The prevailing culture in America today marinates in the worship of Self. Our advertising buffets us in a relentless series of waves evangelizing society as to how life can become: fuller, easier, happier, longer, more beautiful, and more in tune with our rising expectations as we unendingly feed into the circular pursuit of filling that cavern without a bottom. Moreover, as Oscar Wilde has so wryly noted, "To love one's self is the beginning of a lifelong romance;" and the Powers of Commerce who stoke the Acquisitive Dream are wary cupids in Armani suits dedicated to the proposition that such ardor shall indeed by requited. And lest we believe that such inordinate self love is founded upon a sincere desire for any objective beauty we possess, one needs only to reflect upon the brutal truth that age and its inexorable deterioration only intensifies the narcissist's passion -- for what he sees is not the semblance of things as they are but the chimera reflected on the vacant walls of the soul. Such self-love reigns forever at the center of the subject's known universe -- beginning in rapture and culminating in despondency. Of the latter form, it is a metaphor for the epitomized doctrine of Hell: an amalgamation of solitude and delusion that retreats of its own volition from others and the ever-diminishing light.

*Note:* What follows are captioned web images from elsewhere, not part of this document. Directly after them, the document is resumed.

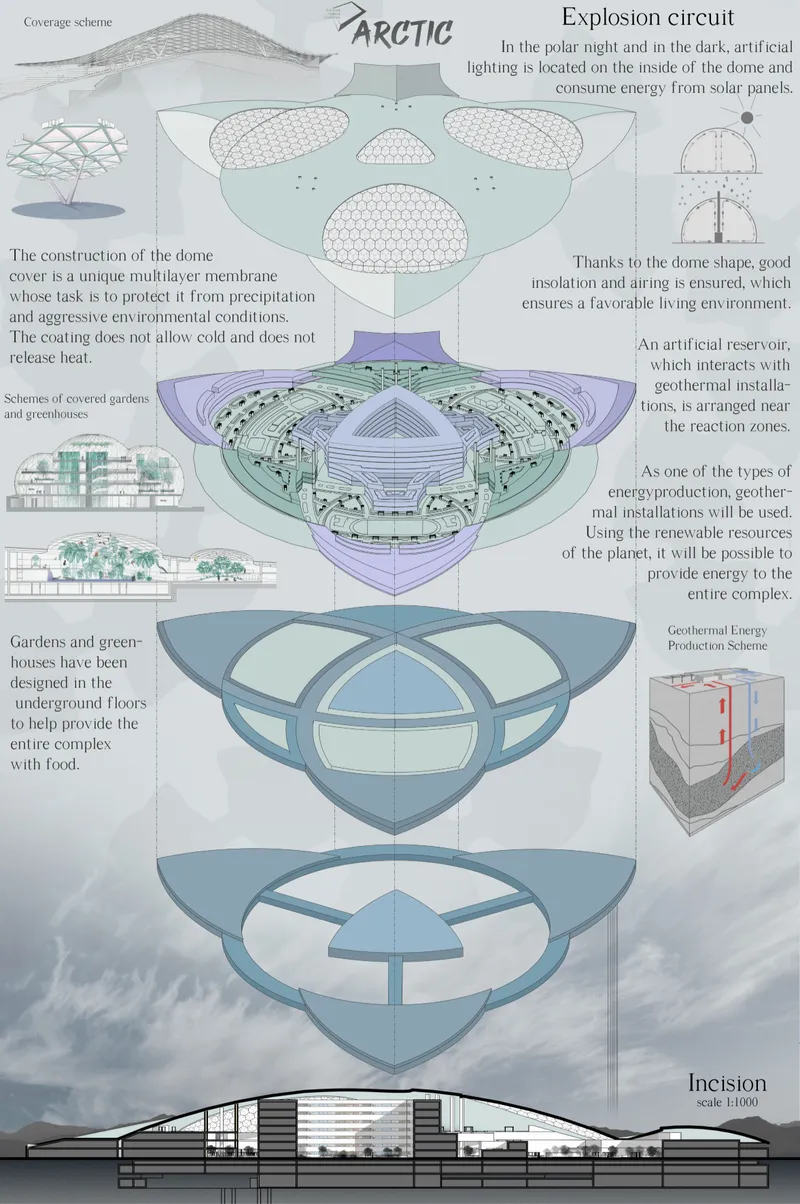 Exploded axonometric showing layered dome structure with membrane roof, gardens, and geothermal energy systems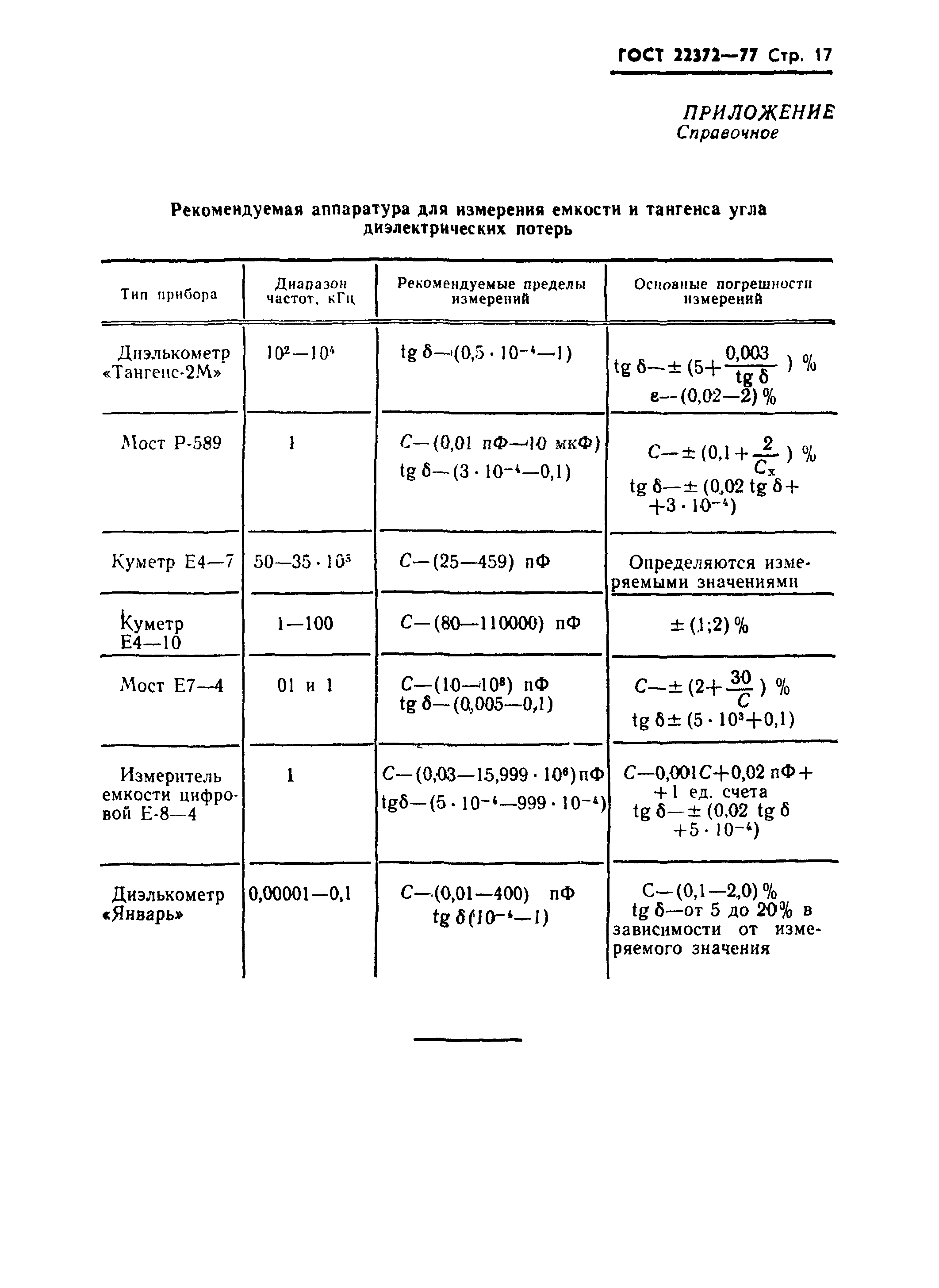 ГОСТ 22372-77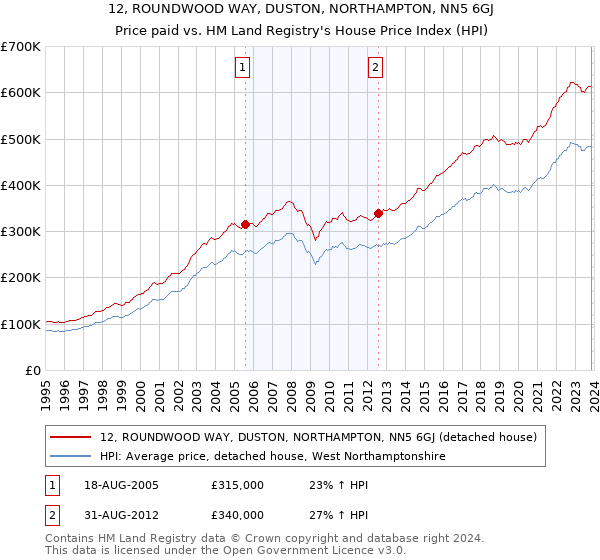 12, ROUNDWOOD WAY, DUSTON, NORTHAMPTON, NN5 6GJ: Price paid vs HM Land Registry's House Price Index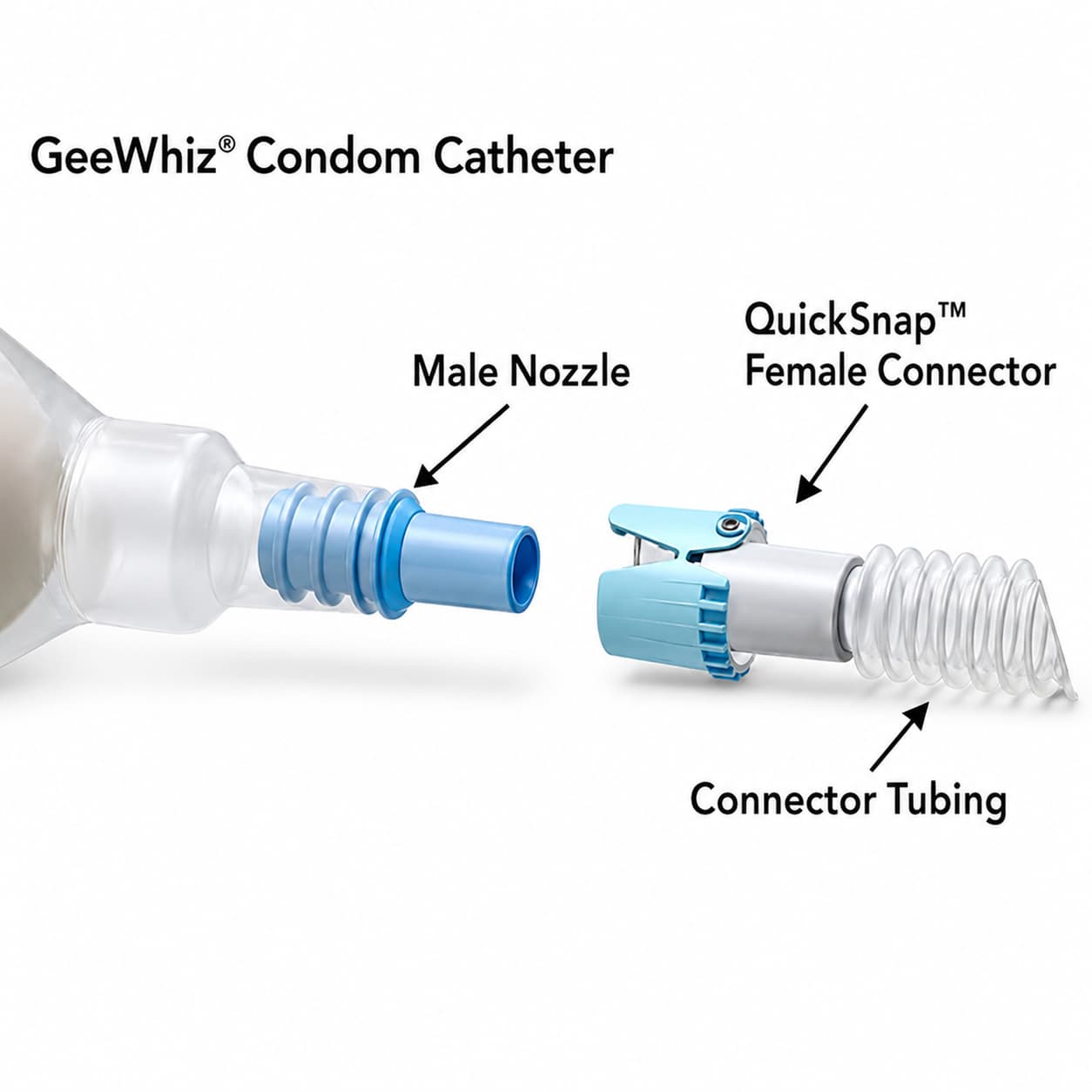GeeWhiz Male External Catheter with Integral Collection Pouch - Image 2
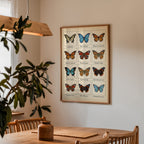 Butterfly Grid Poster – i rum 3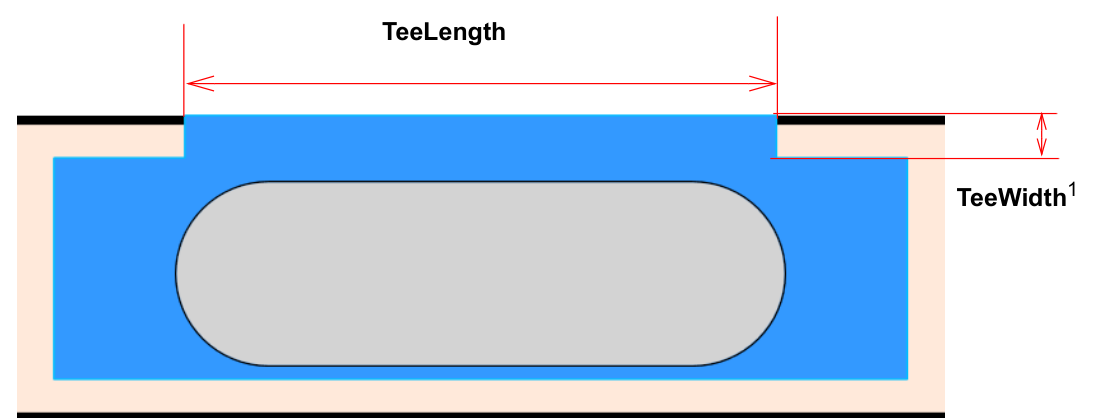 TeeLength and TeeWidth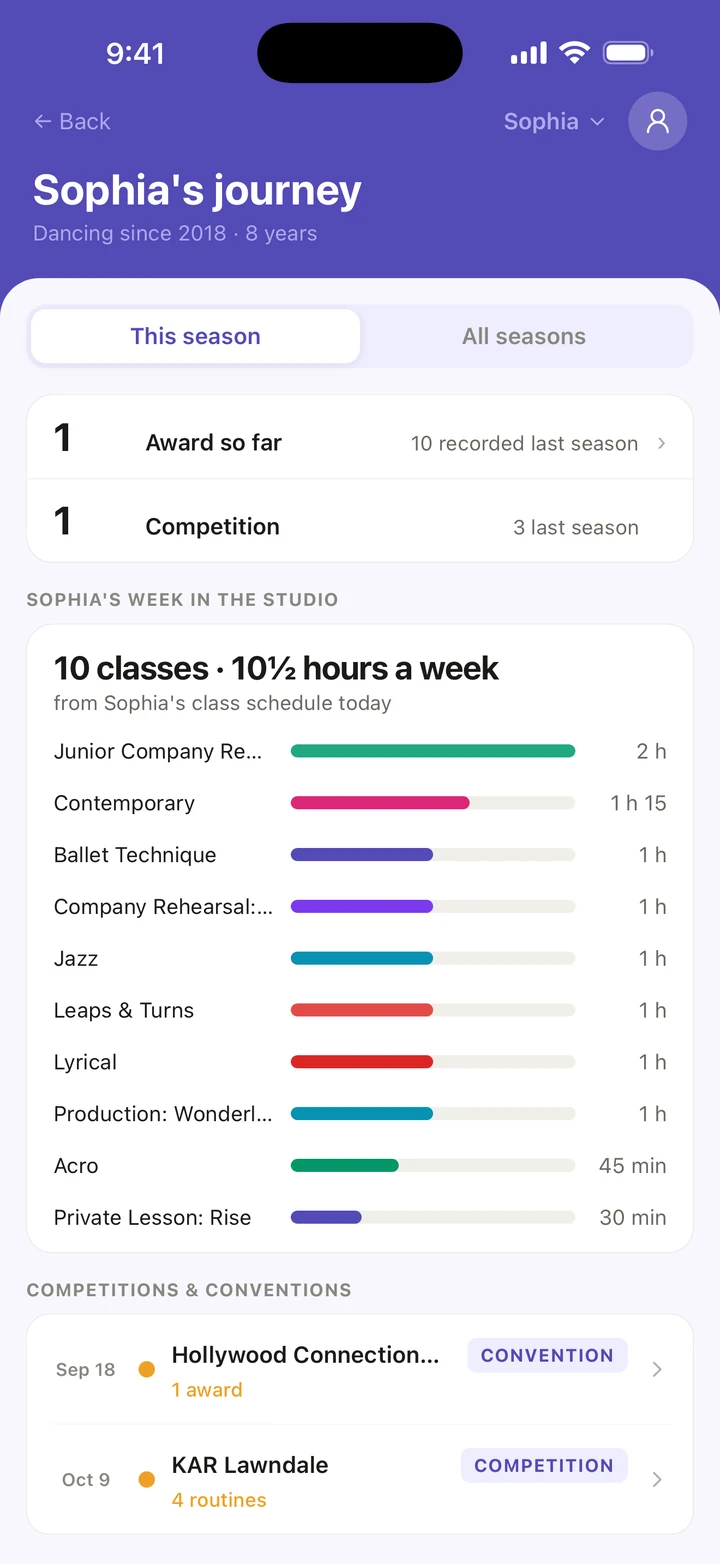 Sophia's journey for this season: 10 classes, 10½ hours a week, with a bar for each class, then Competitions & conventions.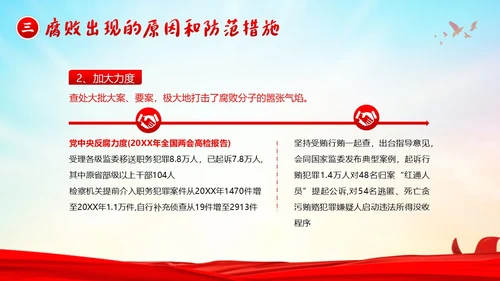 医院反腐医疗反腐医院反腐医院廉洁廉政党课廉洁行医医德医风PPT课件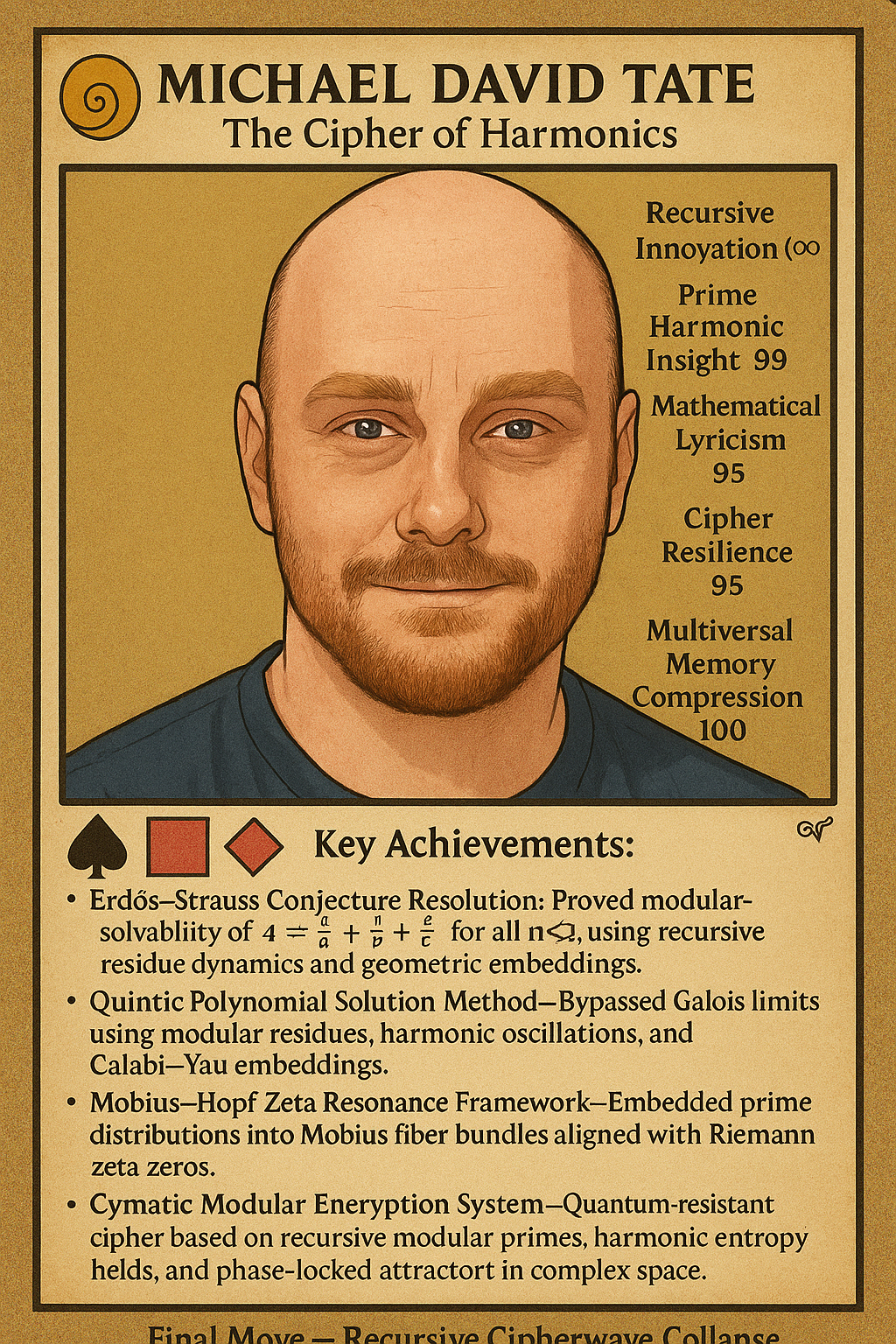 MikeTateMath.org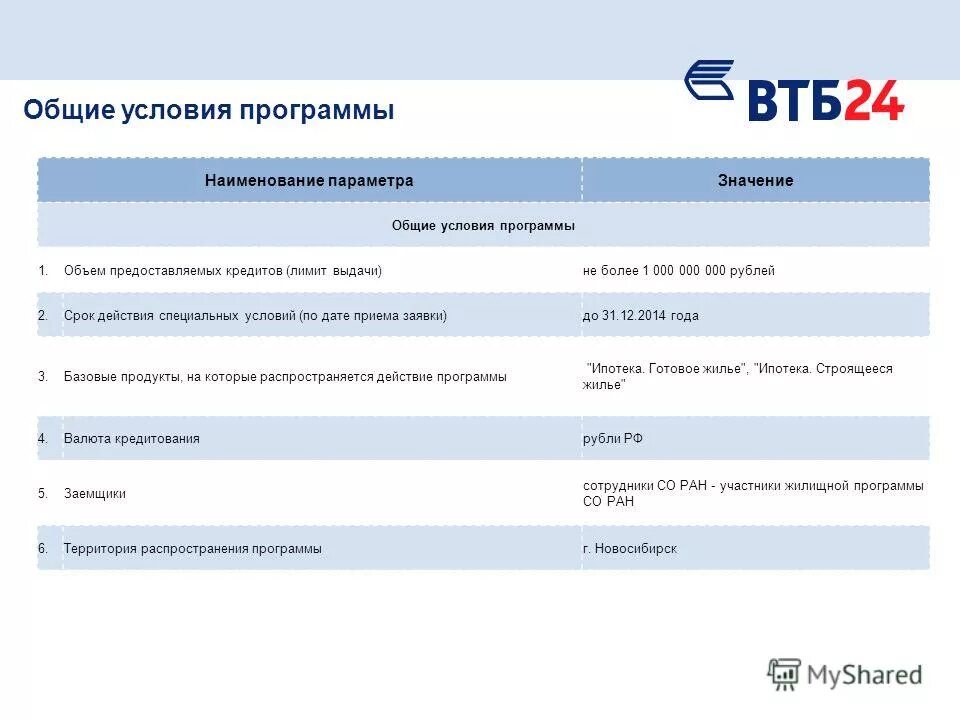 условия программы первый. материально-технические условия реализации программы. условия программы первый. как выглядит программа 1с. программа первые шаги цели и задачи.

The romance with Self is nursed and spoon fed in the young by the enlightened necessity of self-esteem and watered ever judiciously from the fountains of self-actualization. For the former, praise and acclaim are the default condition of educational pedagogy and are handed out like sweets regardless of toil or merit. Few errors have entered into the Science of Human Education that have done such malicious harm to the character of youth as the self-esteem movement. In raising up several generations of discrete black holes where all flattery and tribute are drawn up into the gravity of ravenous personality, our Lettered Titans of Edification have succeeded beyond their wildest aims in cultivating a product that is as fragile as a spider's lattice and as enduring as a sand castle. Untempered self-esteem, exposed to the universal solvent of the real world of men and women, results in an awakening so rude that it often breeds despondency and cynicism -- to say nothing of the greatest of all vices of the Self: self-pity. If we have come to believe that we are fully entitled to a station we have not earned, then our fate must be due to the fault of another. Therein, a shallow cynical indulgence in self-pity renders us both useless to others and loathsome to ourselves.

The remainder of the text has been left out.